EXERCISE PROMPT: Quote the entries below from the line with "Dark raised panel" through the line with "Black adjustable gym", both ends included, and only those lines.
RECORDS FOR THIS EXERCISE section start
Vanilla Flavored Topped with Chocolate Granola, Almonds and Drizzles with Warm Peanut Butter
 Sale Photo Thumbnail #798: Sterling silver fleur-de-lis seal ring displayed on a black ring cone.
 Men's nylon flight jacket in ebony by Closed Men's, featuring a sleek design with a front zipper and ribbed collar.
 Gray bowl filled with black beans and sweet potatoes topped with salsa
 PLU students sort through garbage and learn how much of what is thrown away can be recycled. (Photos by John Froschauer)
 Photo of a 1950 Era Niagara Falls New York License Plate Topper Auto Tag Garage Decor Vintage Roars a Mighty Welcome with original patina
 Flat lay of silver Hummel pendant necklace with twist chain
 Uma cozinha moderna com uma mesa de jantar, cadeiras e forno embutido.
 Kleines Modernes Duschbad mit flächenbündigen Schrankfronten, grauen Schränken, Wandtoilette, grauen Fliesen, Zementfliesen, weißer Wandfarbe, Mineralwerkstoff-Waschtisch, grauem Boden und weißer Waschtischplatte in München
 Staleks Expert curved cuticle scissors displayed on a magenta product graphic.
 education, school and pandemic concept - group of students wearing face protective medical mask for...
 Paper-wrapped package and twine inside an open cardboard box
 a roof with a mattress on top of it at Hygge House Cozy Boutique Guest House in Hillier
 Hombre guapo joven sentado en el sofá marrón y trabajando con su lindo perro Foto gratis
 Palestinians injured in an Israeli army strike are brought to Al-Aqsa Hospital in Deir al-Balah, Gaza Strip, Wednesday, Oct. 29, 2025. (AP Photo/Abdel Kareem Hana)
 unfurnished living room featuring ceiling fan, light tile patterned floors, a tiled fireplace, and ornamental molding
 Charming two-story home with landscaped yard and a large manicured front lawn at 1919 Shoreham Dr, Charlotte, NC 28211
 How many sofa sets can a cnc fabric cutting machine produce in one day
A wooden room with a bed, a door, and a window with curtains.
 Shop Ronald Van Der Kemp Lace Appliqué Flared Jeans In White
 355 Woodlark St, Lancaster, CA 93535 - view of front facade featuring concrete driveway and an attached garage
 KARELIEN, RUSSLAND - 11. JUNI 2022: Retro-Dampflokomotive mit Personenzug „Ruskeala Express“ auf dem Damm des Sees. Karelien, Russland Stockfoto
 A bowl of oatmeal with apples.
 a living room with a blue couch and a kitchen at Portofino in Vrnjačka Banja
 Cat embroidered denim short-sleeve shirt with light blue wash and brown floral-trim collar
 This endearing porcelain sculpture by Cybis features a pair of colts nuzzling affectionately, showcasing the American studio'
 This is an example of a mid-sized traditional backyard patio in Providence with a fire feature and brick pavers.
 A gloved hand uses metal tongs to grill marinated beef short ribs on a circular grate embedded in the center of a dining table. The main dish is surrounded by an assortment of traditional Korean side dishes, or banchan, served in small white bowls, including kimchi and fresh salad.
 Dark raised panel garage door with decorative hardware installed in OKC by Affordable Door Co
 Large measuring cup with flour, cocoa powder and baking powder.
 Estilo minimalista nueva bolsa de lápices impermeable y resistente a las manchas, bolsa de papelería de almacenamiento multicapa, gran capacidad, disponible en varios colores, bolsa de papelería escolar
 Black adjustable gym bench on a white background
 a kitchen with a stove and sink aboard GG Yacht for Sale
RECORDS FOR THIS EXERCISE section end
WRITTEN RESPONSE:
 Dark raised panel garage door with decorative hardware installed in OKC by Affordable Door Co
 Large measuring cup with flour, cocoa powder and baking powder.
 Estilo minimalista nueva bolsa de lápices impermeable y resistente a las manchas, bolsa de papelería de almacenamiento multicapa, gran capacidad, disponible en varios colores, bolsa de papelería escolar
 Black adjustable gym bench on a white background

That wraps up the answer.